2019 was a tough year for global auto markets. A combination of factors – declining demand, increasingly strict emissions and fuel-consumption standards, pressure on automakers to sink new money into R&D for autonomous and electrified vehicles, and gradual changes in how people are choosing to get around – has contributed to a large slump in sales of new motor vehicles worldwide.
While the auto industry in the U.S. and EU suffered declines in the number of units sold domestically this year, an even bigger drop was experienced in China, the world’s single largest auto market.
“China’s auto market starting last year began slipping, largely due to uncertainty in the industry, driven by factors like the U.S.-China trade war,” says Thomas Fann, former president of Ford Lio Ho Motor Co. “Even without the occurrence of the trade war, the industry would have been hit due to a slowdown in the growth of local economies, but not to this degree.”
Fann notes that auto sales in China through October this year have fallen around 10%, a significant decline, which has negatively impacted global automakers that have come to depend heavily on Chinese demand.
Taiwan, on the other hand, seems to have been somewhat immune to the disruptions happening elsewhere in the world’s auto markets. Although a drop has occurred in total car sales – around 3% during the period of January through October, according to the Taiwan Transportation Vehicle Manufacturers Association (TTVMA) – Taiwan also managed to register some impressive figures on a month-to-month basis.

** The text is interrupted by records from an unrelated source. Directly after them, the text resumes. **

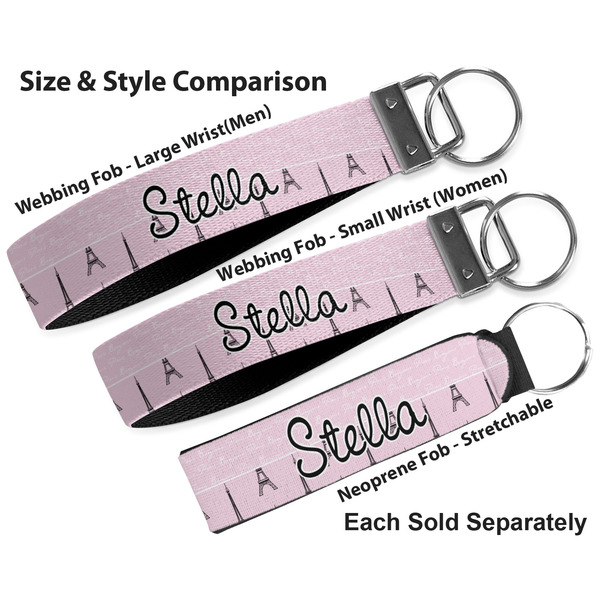 Paris & Eiffel Tower Multiple Key Ring comparison sizes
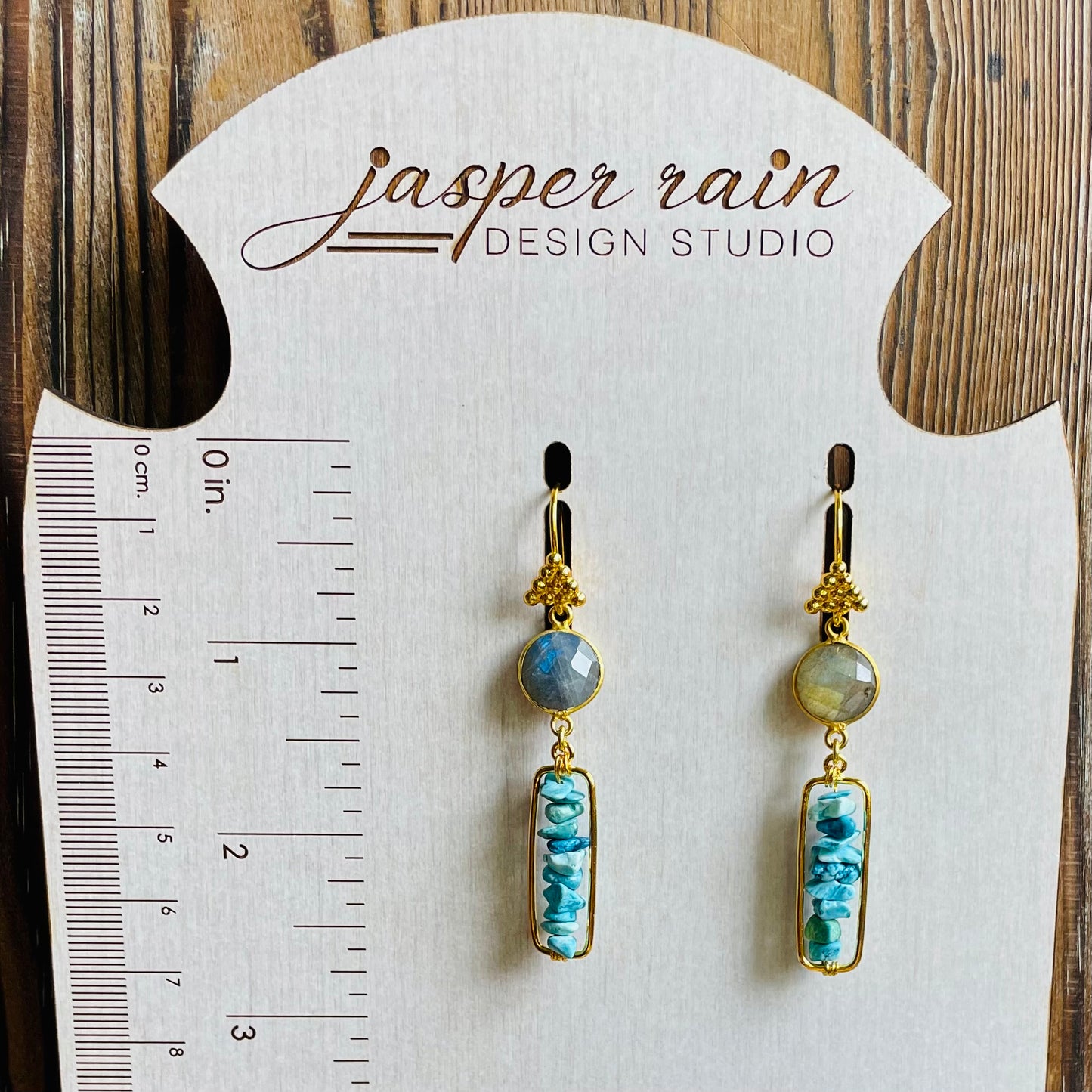 Natural Turquoise and Labradorite earrings on 24k plated hooks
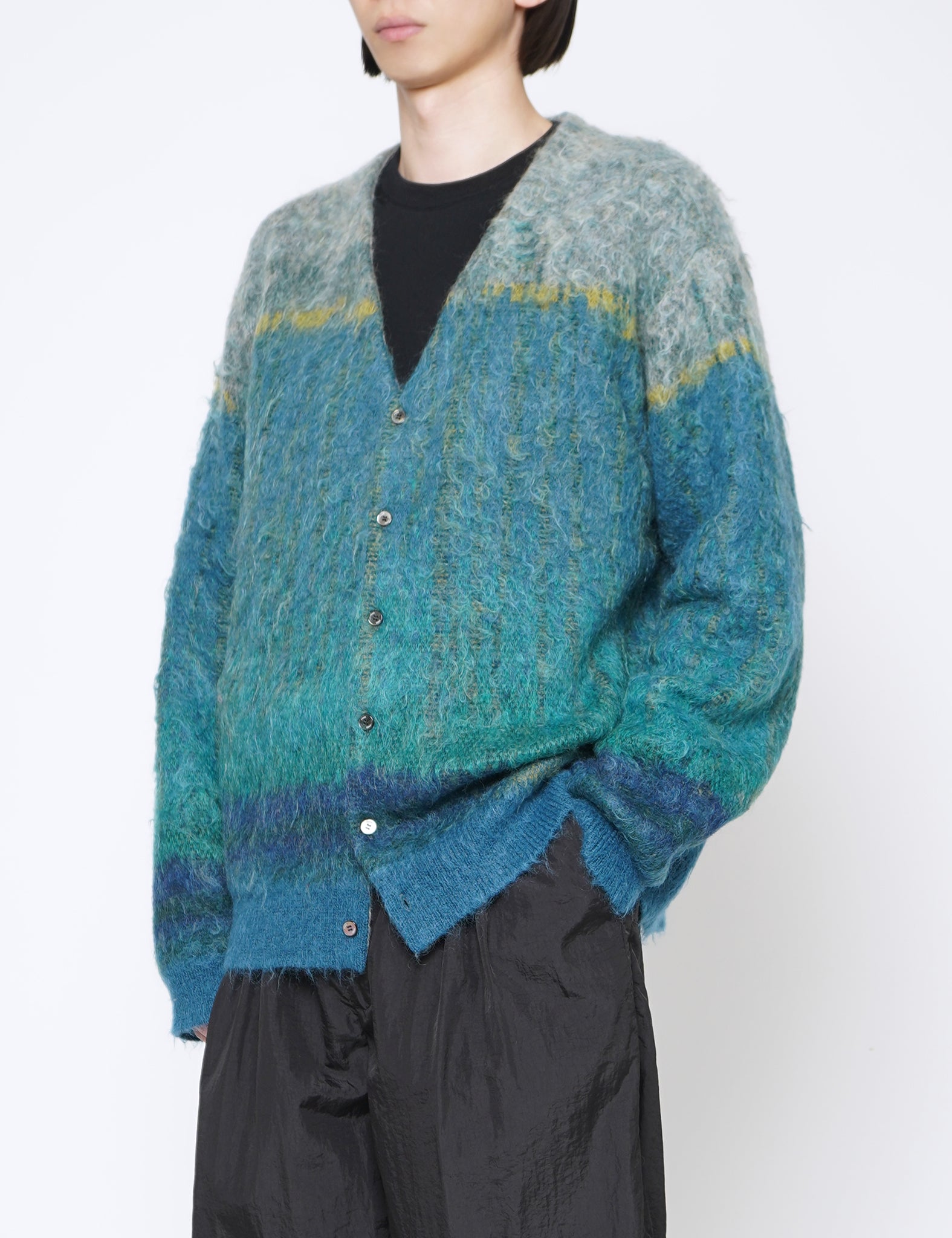 GREEN TREE JAQUARD MOHAIR BUTTONED CARDIGAN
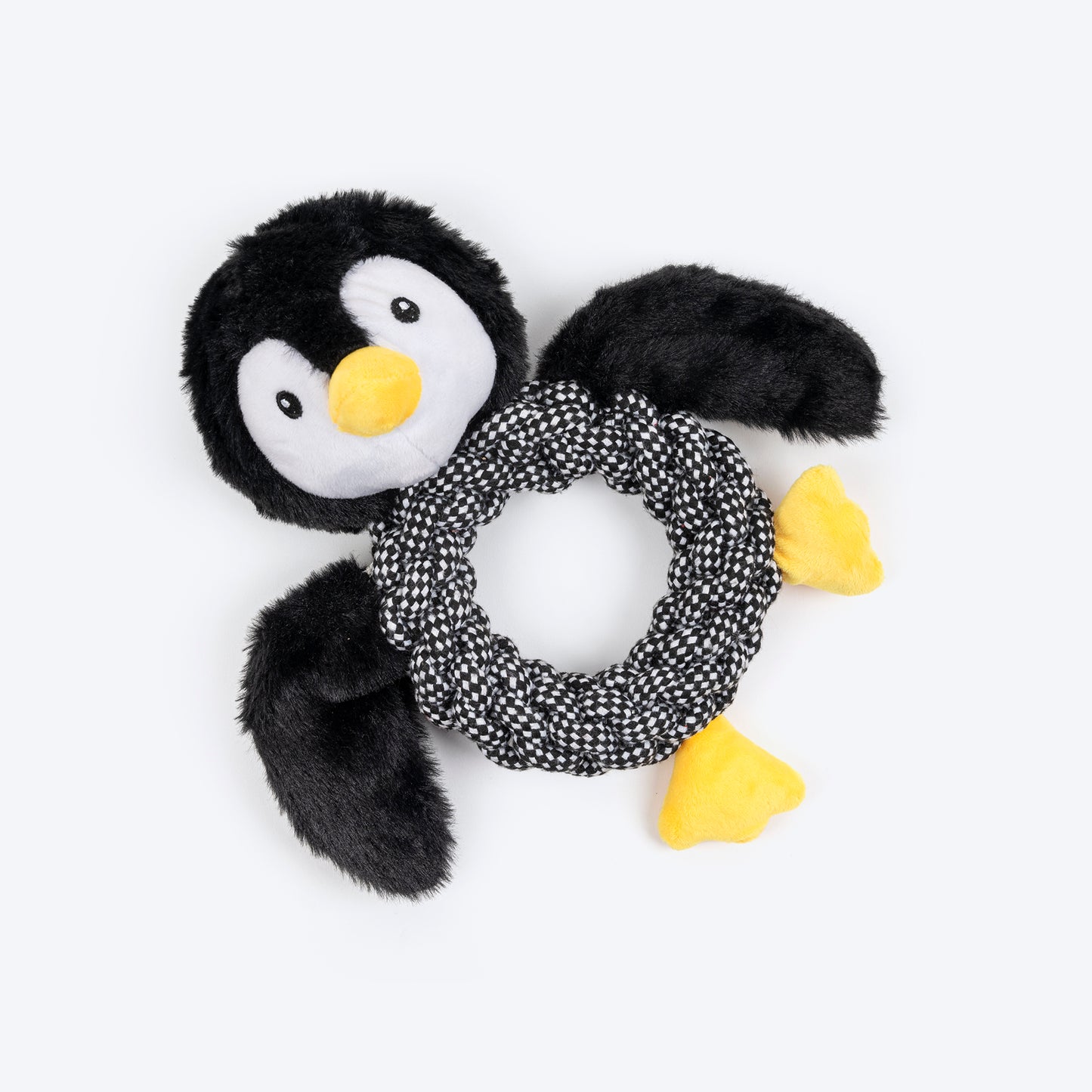 HUFT Pengu Penguin Squeaky Tug Plush Toy For Dog - Black & White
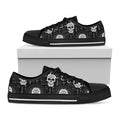 Black And White Wicca Evil Skull Print Black Low Top Sneakers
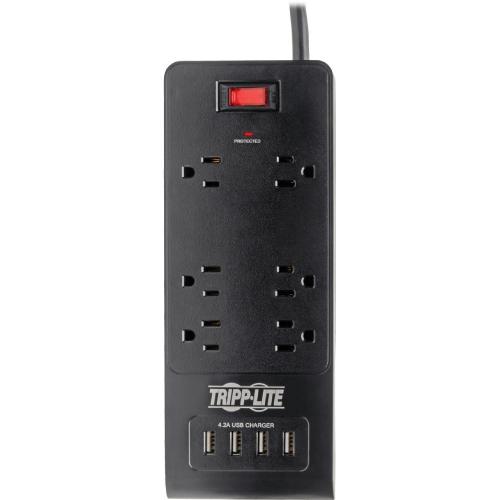 Tripp Lite By Eaton 6 Outlet Surge Protector With 4 USB Ports (4.2A Shared)   6 Ft. (1.83 M) Cord, 900 Joules, Black Alternate-Image2/500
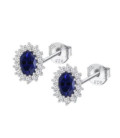 Pendientes Plata 925 Circonita Oval Azul Zafiro LOTUS SILVER - LP3459-4/1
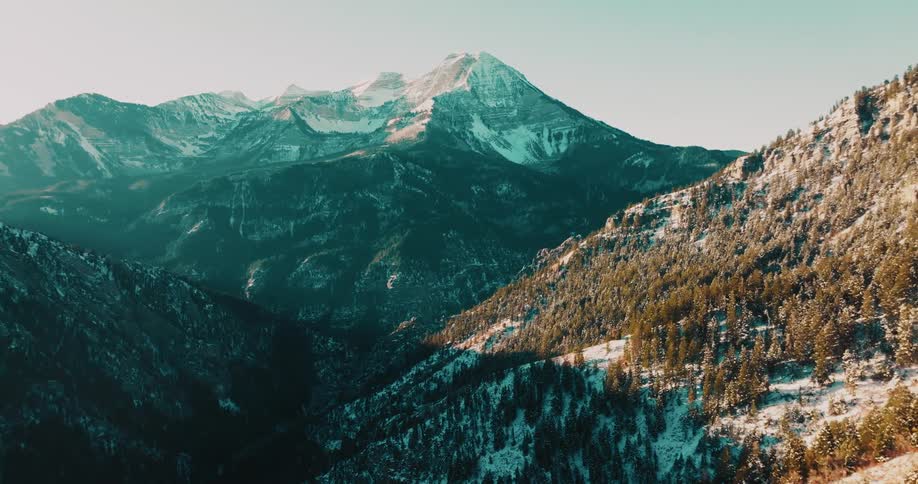 The mountains are covered in snow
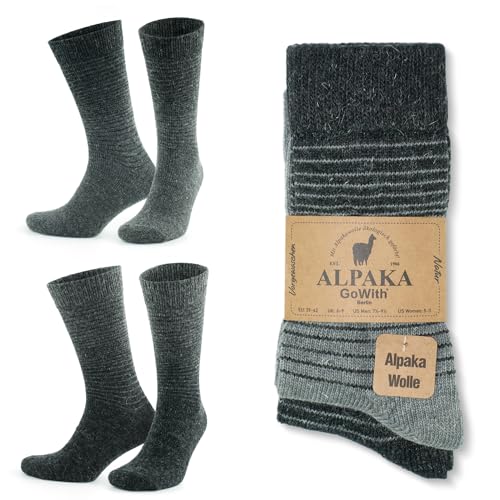 GoWith Alpaca Wool Socks for Men and Women, Unisex Thermal Crew Socks for Hiking, Work, Outdoor, Mod:3098 von GoWith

For example, car sales rose 7% in April, likely due to the rollout of several new models of international brands, including Ford’s new Focus hatchback and sedan models and Toyota’s 2019 RAV4. A report by local car industry publication TopCar showed that in October, Taiwan’s auto industry saw sales growth of 17% – higher than any other market in the world that month. The TTVMA predicts that car sales for 2019 will total 425,000, marginally lower than last year’s 435,000.
In part, the relative stability of the Taiwan market during this period may be a knock-on effect of the U.S.-China trade war. As Taiwanese businesses with manufacturing bases in China begin moving operations back to their home turf, it stimulates investment and overall economic growth on the island.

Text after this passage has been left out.